We took a detour when we reached Flower Lake, because Vicki wanted to see the “Troll’s Head” that she remembered from when we were here years ago. It turned out that someone (or maybe the Winter snows?) had knocked down all the teeth! So we set about replacing them. Then we hiked around to the other side of the lake to make sure that they were visible. Vicki was quite pleased.

After a short break, we continued past Gilbert Lake and then headed down the switchbacks to Little Pothole Lake. We stopped to turn on our phones near the talus field east of Gilbert Lake and received some texts from friends and family. And we returned a few, too. It seemed that Civilization was reaching out its claws to drag us back to reality. But we didn’t really mind, and we imagined that our grown children were relieved to find out that we had survived a grueling week in the Wilderness. Imagination is a wonderfully deceptive thing.




All too soon, we saw the trailhead parking lot down below in Onion Valley. As we got closer we could make out our car. As our altitude lowered the temperature also rose, and it was getting quite warm on the trail. I thought about being able to turn on the car from a distance and get the air conditioner running, to prepare for our arrival. But we couldn’t, so that was OK, too. We just kept on hiking, and before we knew it, we were back at the trailhead. I walked over to the bear box and got out our extra food that we’d left behind a week prior, and carried it over to the car.


I started the car and got the A/C going right away. Meanwhile, we opened our packs and sorted through our gear.
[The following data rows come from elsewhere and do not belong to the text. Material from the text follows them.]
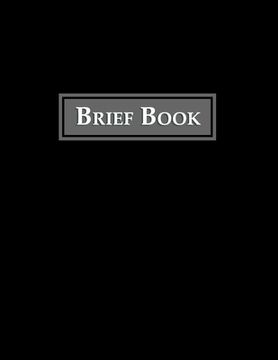 portada Brief Book: Case Review Brief Template (en Inglés)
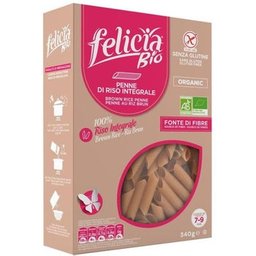 Bio Pâtes Penne Rigate Au Riz Brun 340g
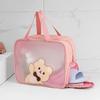 Nueva Bolsa de Natación Separación Seco y Húmedo Bolsa de Gimnasio Bolsa Deportiva Bolsa de Gimnasio para Hombres y Mujeres Neceser Bolsa de Playa Impermeable de Dibujos Animados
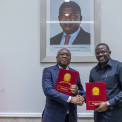 Memorando de entedimento entre o GPL e Porto de Luanda 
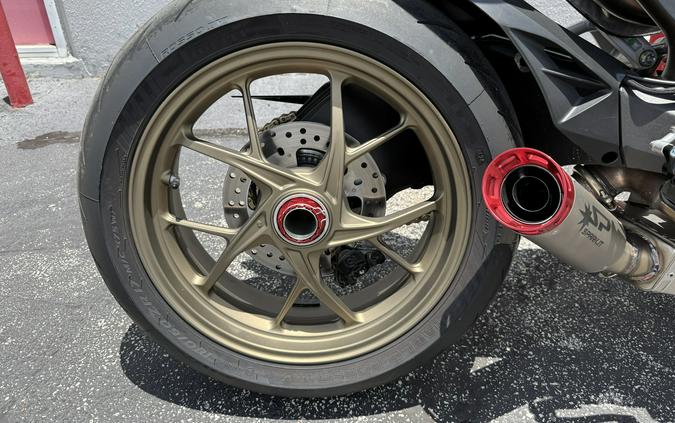 2024 Ducati Streetfighter V2 Storm Green - 08045T
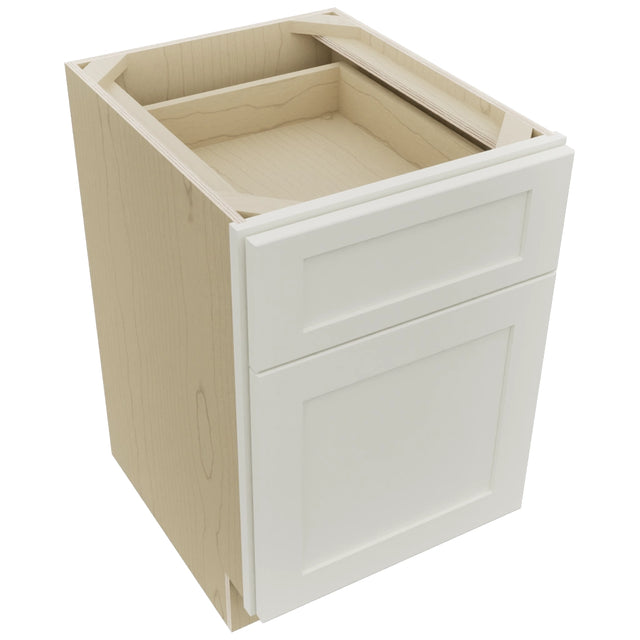 Fabuwood Galaxy Dove FD18 Vanity Desk, Top View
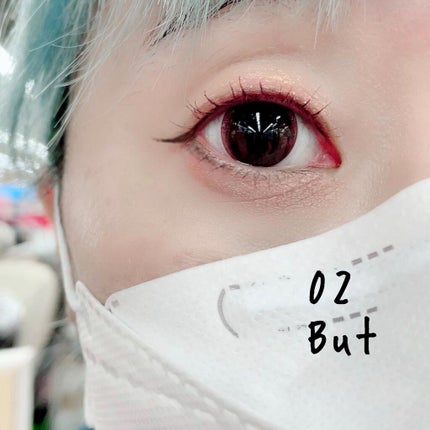 アンダーアイマスター/nobev/ペンシルアイライナーを使ったクチコミ(4枚目)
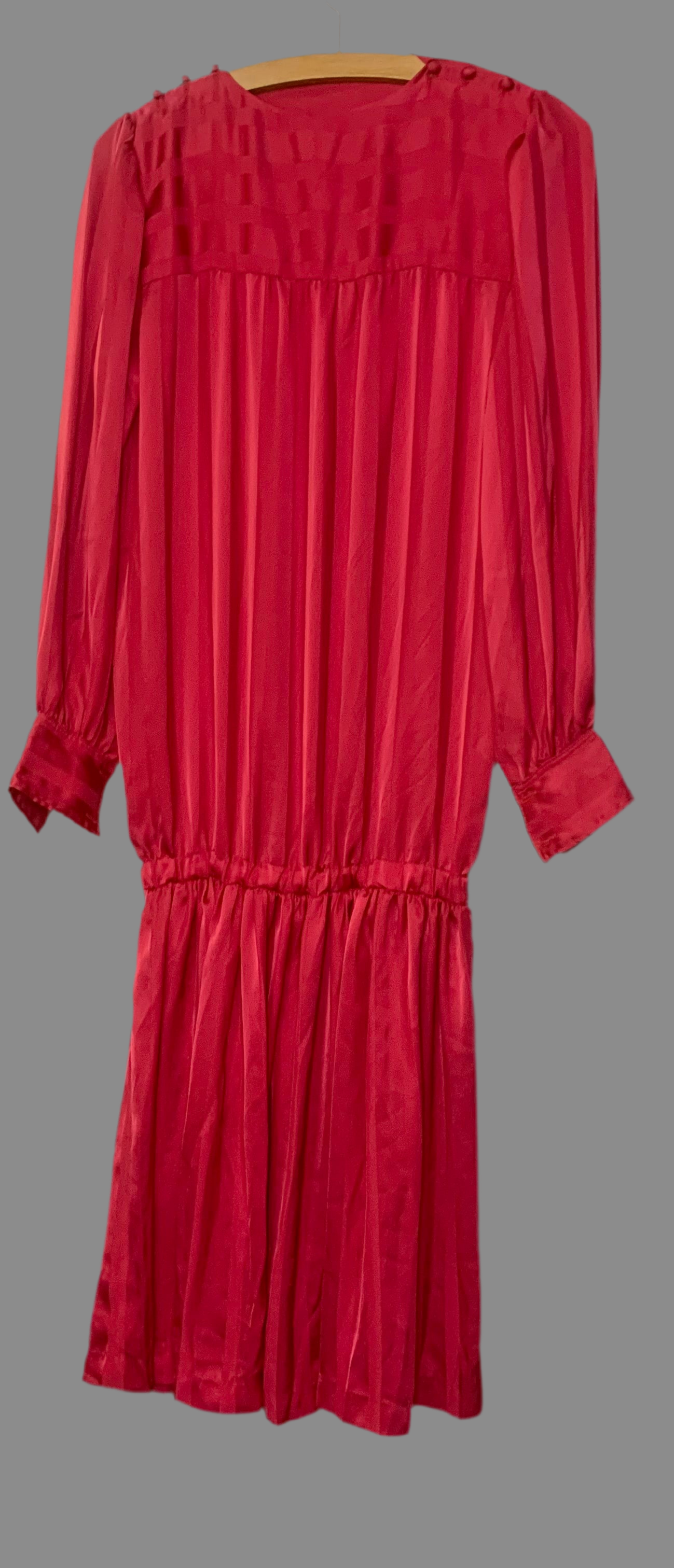 Robe vintage fuchsia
Some stuff we wanted in the car with us, like snacks and drinks, and the other stuff could stay in the back. We got out our “Car Clothes” and changed into them in the restroom. It felt good to wear non-stinky clothes, and to walk around in non-sweaty shoes. It wasn’t as good as a shower, but it would have to do. The Civilized World was expecting it of us. After that, it was time to get in the car and go. It was about six hours to San Diego, plus time to stop and eat. We had lunch in Lone Pine, then continued down Route 395.
We talked a little bit about the trip on the way back, about how our gear had worked perfectly, with no breakages, and how grateful we were that it hadn’t rained on us every day. We’d had a week of sunny weather. We thought about the Rae Lakes, and how beautiful the area had been. No wonder this was such a popular place to hike! Even though folks on the internet complain that it’s overused and far too crowded, we didn’t feel that way at all. We solved that problem by seeking out secluded campsites whenever possible, off the beaten path, and this made all the difference. The Sierra Nevada is a very large place, after all, and I think that there is more than enough room for everyone to visit if they want to. In fact, we were already intending to explore other places in the Sierra next Summer, both north and south of here. Rather than being sad that the trip was over, I was excited to get back home and start planning!